(THE DATA)
=======

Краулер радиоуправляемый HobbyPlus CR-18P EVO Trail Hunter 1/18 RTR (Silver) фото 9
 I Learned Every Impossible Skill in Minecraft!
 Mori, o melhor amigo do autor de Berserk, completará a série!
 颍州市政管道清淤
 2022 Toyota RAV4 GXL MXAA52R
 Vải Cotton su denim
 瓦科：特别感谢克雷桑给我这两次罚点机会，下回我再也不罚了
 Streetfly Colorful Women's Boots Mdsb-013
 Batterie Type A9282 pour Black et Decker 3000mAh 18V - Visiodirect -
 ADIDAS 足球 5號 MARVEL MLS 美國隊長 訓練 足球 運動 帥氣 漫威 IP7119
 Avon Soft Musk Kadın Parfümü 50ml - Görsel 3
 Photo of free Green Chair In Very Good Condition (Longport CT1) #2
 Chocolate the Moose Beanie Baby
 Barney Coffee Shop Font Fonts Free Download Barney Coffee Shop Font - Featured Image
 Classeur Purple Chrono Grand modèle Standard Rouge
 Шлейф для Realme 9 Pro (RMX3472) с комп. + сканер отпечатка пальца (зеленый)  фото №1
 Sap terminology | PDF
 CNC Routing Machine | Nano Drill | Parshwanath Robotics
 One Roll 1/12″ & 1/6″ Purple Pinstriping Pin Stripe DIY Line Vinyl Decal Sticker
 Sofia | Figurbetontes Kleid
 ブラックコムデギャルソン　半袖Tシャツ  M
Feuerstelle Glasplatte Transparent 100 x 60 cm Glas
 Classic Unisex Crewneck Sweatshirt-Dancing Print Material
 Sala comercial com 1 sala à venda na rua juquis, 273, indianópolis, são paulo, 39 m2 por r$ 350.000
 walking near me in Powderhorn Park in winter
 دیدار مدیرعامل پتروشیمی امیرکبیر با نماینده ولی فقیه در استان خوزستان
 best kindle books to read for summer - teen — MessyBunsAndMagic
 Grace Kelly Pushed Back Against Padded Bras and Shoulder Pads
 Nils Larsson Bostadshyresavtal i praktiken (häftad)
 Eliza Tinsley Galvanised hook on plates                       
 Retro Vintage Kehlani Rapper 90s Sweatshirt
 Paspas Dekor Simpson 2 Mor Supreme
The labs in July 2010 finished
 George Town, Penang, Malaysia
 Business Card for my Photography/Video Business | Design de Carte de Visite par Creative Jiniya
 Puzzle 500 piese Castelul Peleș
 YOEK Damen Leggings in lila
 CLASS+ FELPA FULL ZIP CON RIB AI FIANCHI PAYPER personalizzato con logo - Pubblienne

=======

(ASSIGNMENT)
Only one span of lines is wanted: the line with "Grace Kelly Pushed" and every line after it to the end of the entries, output exactly.

(ANSWER TO THIS PROBLEM)
 Grace Kelly Pushed Back Against Padded Bras and Shoulder Pads
 Nils Larsson Bostadshyresavtal i praktiken (häftad)
 Eliza Tinsley Galvanised hook on plates                       
 Retro Vintage Kehlani Rapper 90s Sweatshirt
 Paspas Dekor Simpson 2 Mor Supreme
The labs in July 2010 finished
 George Town, Penang, Malaysia
 Business Card for my Photography/Video Business | Design de Carte de Visite par Creative Jiniya
 Puzzle 500 piese Castelul Peleș
 YOEK Damen Leggings in lila
 CLASS+ FELPA FULL ZIP CON RIB AI FIANCHI PAYPER personalizzato con logo - Pubblienne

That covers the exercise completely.